The bill defines “search” broadly enough to actually matter, covering “any government-initiated act that intrudes upon an individual’s reasonable expectation of privacy,” whether through “human, digital, or automated means.” It explicitly lists what falls under warrant protection: “communications,” “associations,” “employment,” “social media usage,” “internet usage,” “financial transactions,” and “travel.”
The bill goes further, extending protection to “the acquisition and analysis of any data, metadata, or information pertaining to a person’s digital or physical life,” including “geolocation,” “personal device activity,” “biometric identifiers,” and “behavioral signals data.”
The government is already collecting and analyzing patterns of how you act online, and Massie and Boebert’s bill is the first piece of legislation to name it directly and bring it under warrant protection.
The Third-Party Doctrine Problem
The most significant provision attacks the legal fiction that has allowed warrantless government surveillance to flourish for nearly fifty years. The third-party doctrine, established by the Supreme Court in Smith v. Maryland (1979), holds that you lose your Fourth Amendment protection over any information you voluntarily share with a third party, like a phone company or a bank.

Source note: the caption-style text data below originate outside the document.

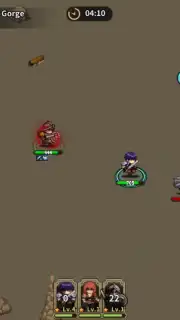 Eternal Saga: Region Tactics screenshot 14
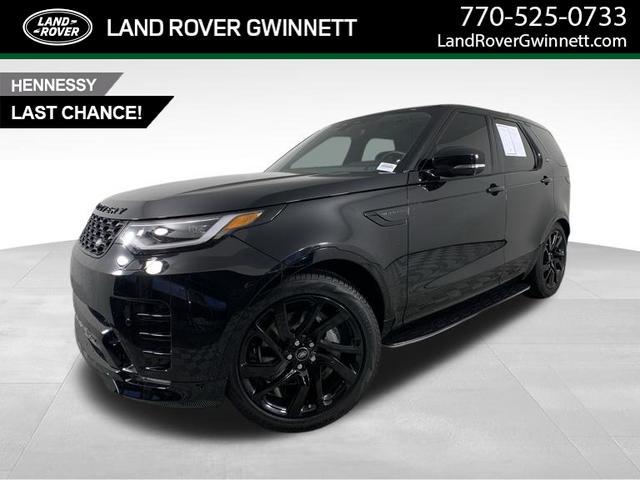 used 2023 Land Rover Discovery car, priced at $46,990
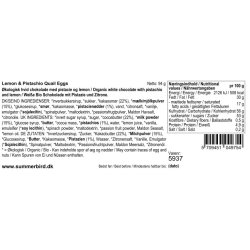 P�skegave med p�skebryg, Riesling, p�ske�g og n�dder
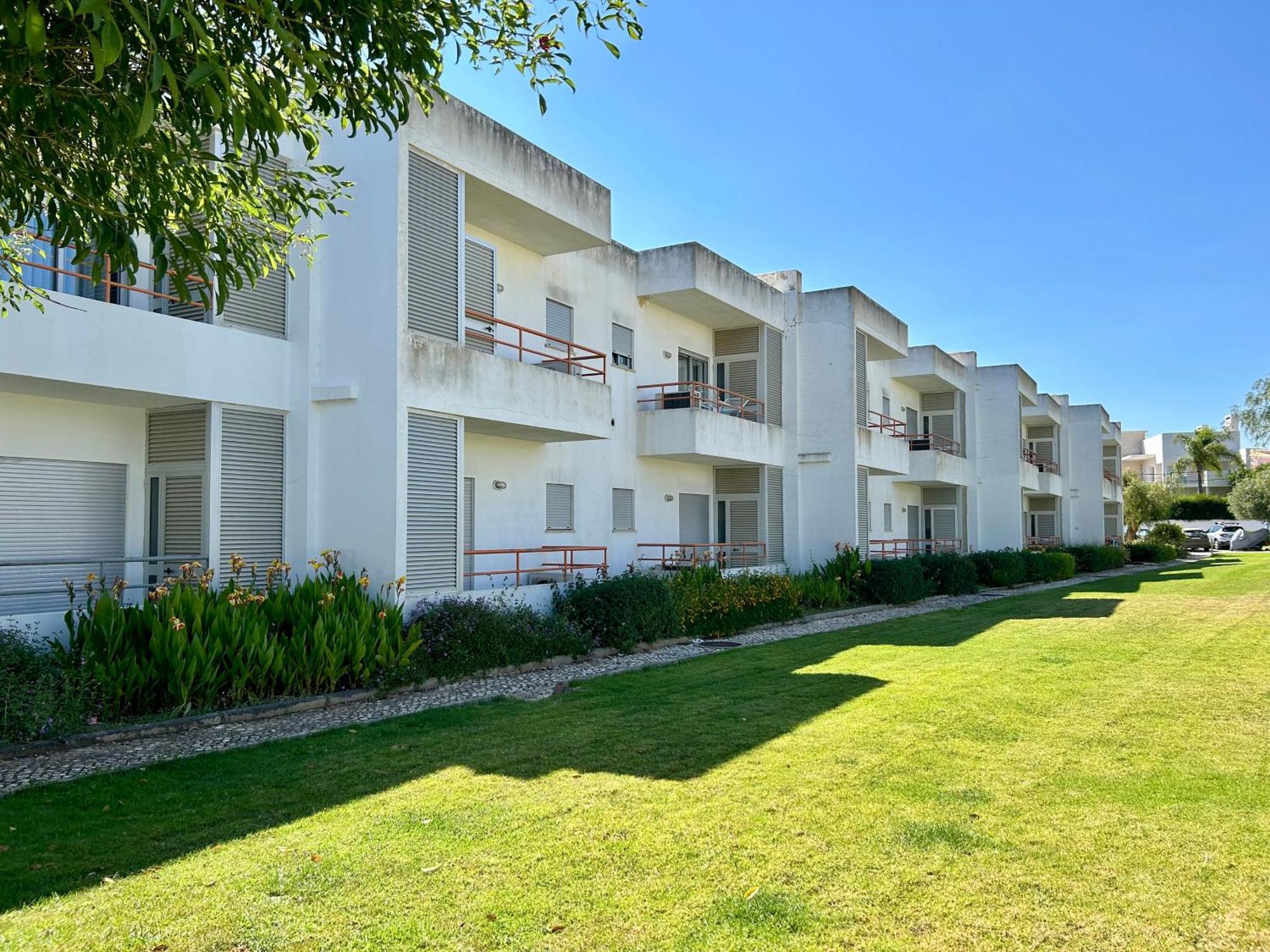 Apartamentos Santa Teresinha Alvor Luaran gambar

The logic made a certain kind of sense when it meant the government could see which phone numbers you dialed. It makes no sense at all when every aspect of modern life generates data that passes through corporate servers.
The Supreme Court acknowledged as much in Carpenter v. United States (2018), ruling that cell phone location data requires a warrant even though it’s held by wireless carriers. But Carpenter was deliberately narrow. The Court didn’t overturn the third-party doctrine. It just said that this particular type of data, cell site location information, was too revealing to leave unprotected.
The new bill does what Carpenter didn’t. It creates a blanket presumption of privacy for all data held by third parties. The bill states that “the government shall not access any data, metadata, or personal information held by a third party, including financial services providers, telecommunication service providers, internet service providers, cloud storage companies, or data brokers, without a valid warrant, regardless of whether the third party consents or cooperates.”
Your bank can’t waive your constitutional rights for you. Your phone company can’t either.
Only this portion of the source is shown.